Junior diver Hunter Ongay joined Garberick as the second Cardinal to secure an individual championship for the first time in 15 years. After placing second on the 1-meter diving board Thursday evening (298.55), Ongay returned to action Saturday with a 310.55 score on the 3-meter diving board. This score put him 20 points ahead of second place in route to his first gold medal.
“None of that would have happened without our assistant coaches,” Agnew said. “Our diving coach Jake Brehmer did an amazing job with Hunter this year, and my assistant coach Chris Bals put a lot of time in with our breastrokers. Those guys have been a driving force behind the performances.”
Five different Cardinals who competed Thursday placed in the top eight of their individual events, including three divers. On Friday alone, Ball State broke seven program records.
“I think the whole team walked into this meet with a lot of confidence,” Agnew said. “They worked incredibly hard all season, and we got to see the gains that they made in practice all year long. When we came here, we expected to swim fast and compete hard.”
Freshman Zach Zishka became the first Ball State swimmer in history to go sub -4:00 in the 400 IM (3:58:51). Holder placed fourth in the 100 backstroke with a program-record time of 48:32, while also placing fifth overall in the 200 backstroke with a time of 1:48.44 (second in school history).
Freshman Isaac Hunter captured a bronze medal for his performance on the 3-meter diving board (284.55). He also scored 260.50 on the 1-meter diving board to earn fifth place.
Garberick, Holder, Wolfred and sophomore Owen Chaye placed third in the 200 freestyle relay with a time of 1:21.09 (second in program history).
The tandem of sophomore Aiden Maurer, senior Davis Meyn, senior Drew Weeks and sophomore Landyn Reister finished with a school-record of 6:39.96 in the 800 freestyle relay.

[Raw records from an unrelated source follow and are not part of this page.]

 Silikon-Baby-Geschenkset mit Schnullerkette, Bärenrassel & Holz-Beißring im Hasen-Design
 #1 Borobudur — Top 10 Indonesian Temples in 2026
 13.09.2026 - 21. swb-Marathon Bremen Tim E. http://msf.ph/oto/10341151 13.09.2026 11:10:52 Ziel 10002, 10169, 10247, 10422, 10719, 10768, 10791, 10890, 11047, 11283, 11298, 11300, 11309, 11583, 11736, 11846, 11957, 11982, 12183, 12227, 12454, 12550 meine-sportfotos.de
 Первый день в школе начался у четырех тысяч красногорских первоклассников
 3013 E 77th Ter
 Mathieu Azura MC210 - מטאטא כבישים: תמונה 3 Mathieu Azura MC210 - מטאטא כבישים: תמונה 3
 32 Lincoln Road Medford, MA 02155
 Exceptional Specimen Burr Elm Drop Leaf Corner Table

Meyn recorded a preliminary time of 4:30.72 in the 500 freestyle, good enough for second in program history. Although he could not replicate that time in the finals (4:34.52), he still earned seventh place.

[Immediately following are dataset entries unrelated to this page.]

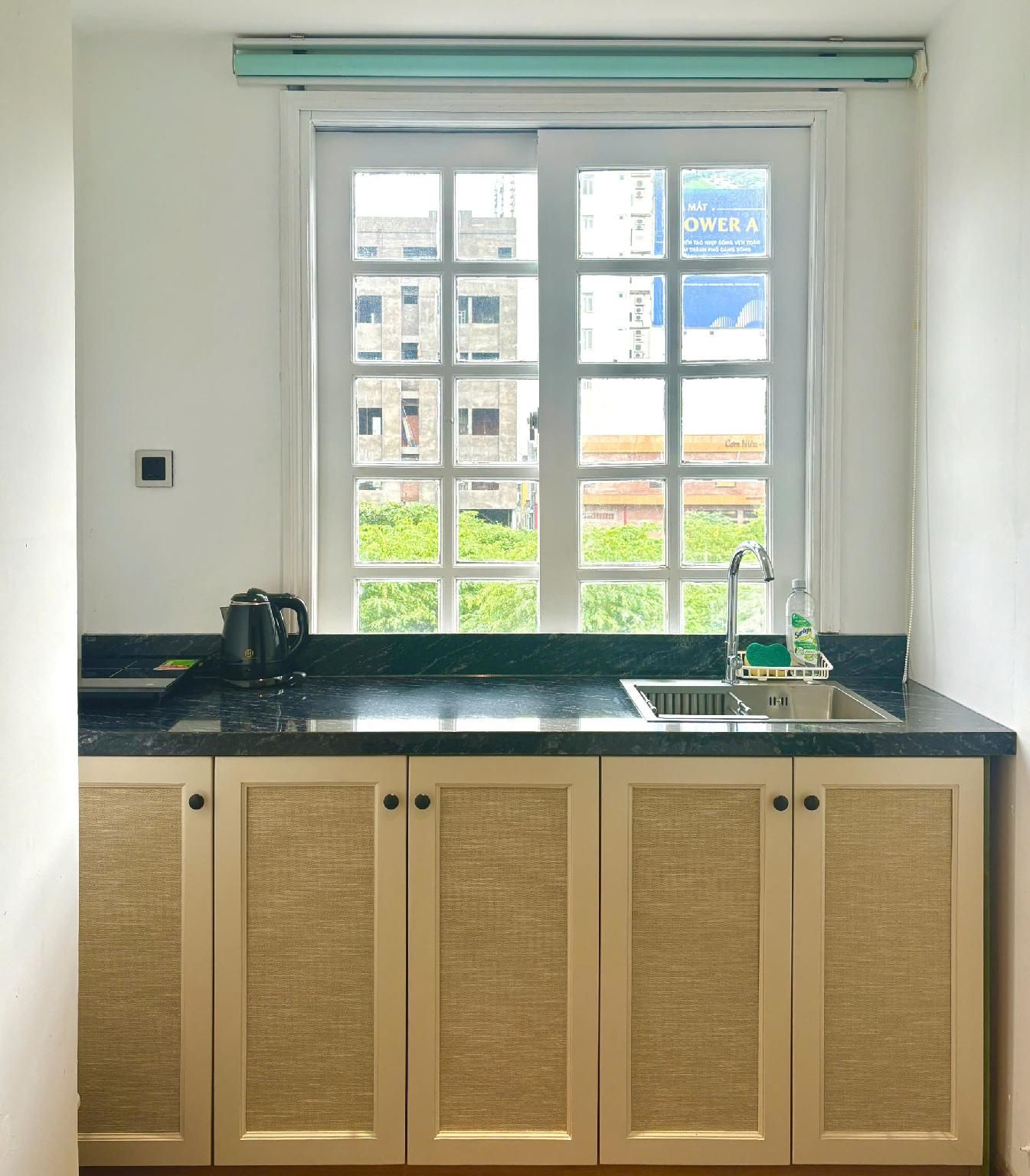 Superior King Studio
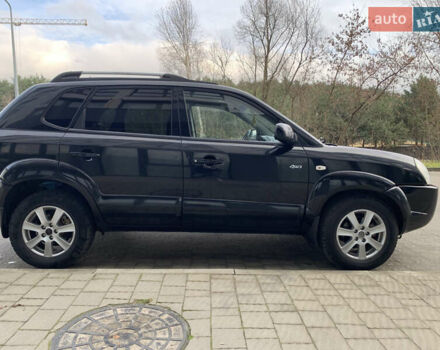 Черный Хендай Туксон, объемом двигателя 1.99 л и пробегом 290 тыс. км за 7700 $, фото 1 на Automoto.ua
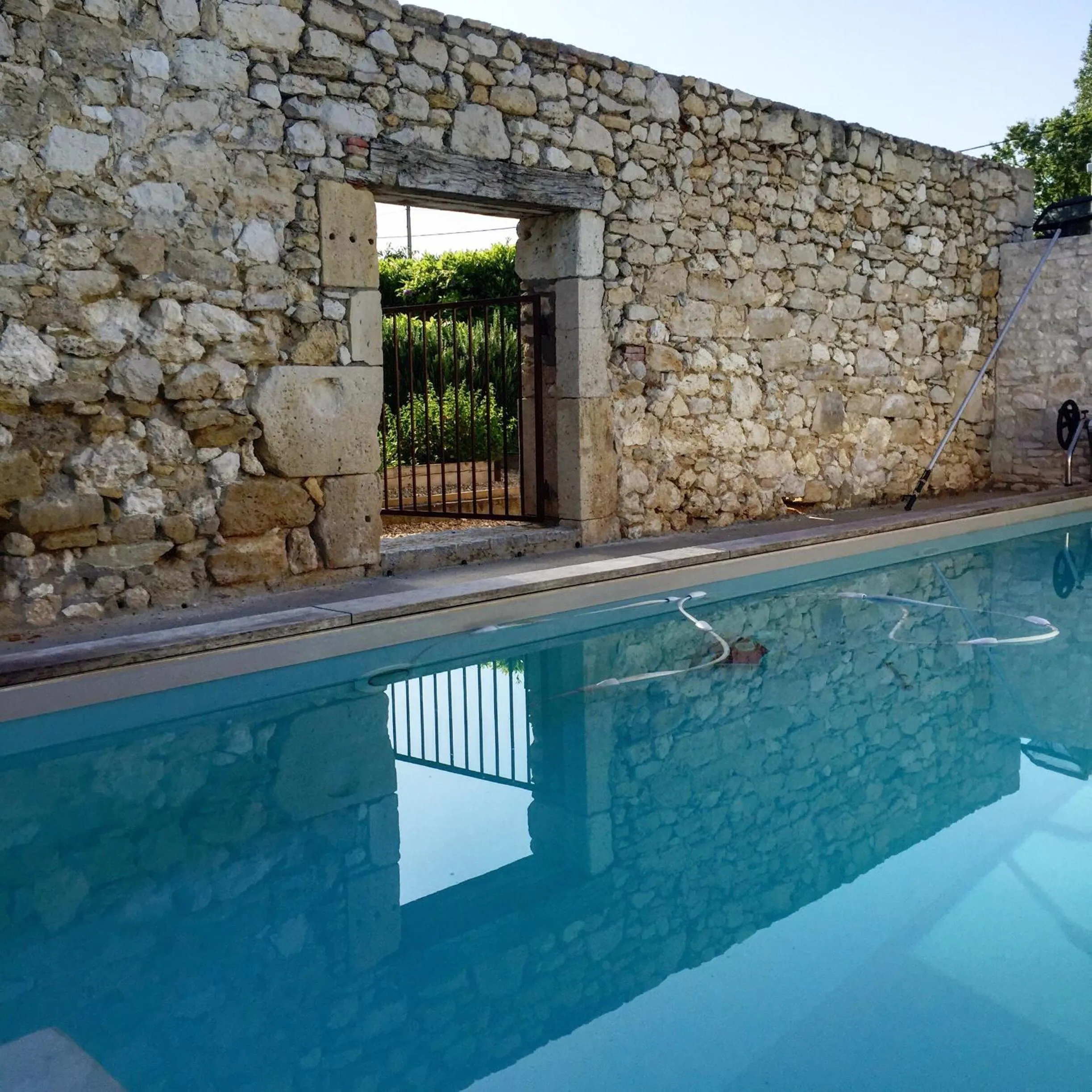 Garden view in La Girarde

Chaye (44.73), Garbercik (45.58), Wolfred (45.40), and junior Duncan McLarty (45.51) were responsible for the second-fastest finish in the 400 free relays (3:01.22) in the last event of the weekend.
Awards were given out after Saturday's events. Hunter was named the Freshman Diver of the Year, while Ongay was given the Most Outstanding Diver Award. Holder was named to the All-MAC Second Team, while both Garberick and Ongay earned All-MAC First Team honors. Diving coach Jake Brehmer won the MAC Diving Coach of the Year. Agnew credits the Cardinals' forward mindset for their accomplishments.
“To me, it means they believe in themselves, and they believe in each other,” Agnew said. “They know that nobody's doing this by themselves. It's a team. It's a great coaching staff, with everybody pulling together and moving this program forward. By no means are we satisfied. We're all ready to take the next step this upcoming summer and next year.”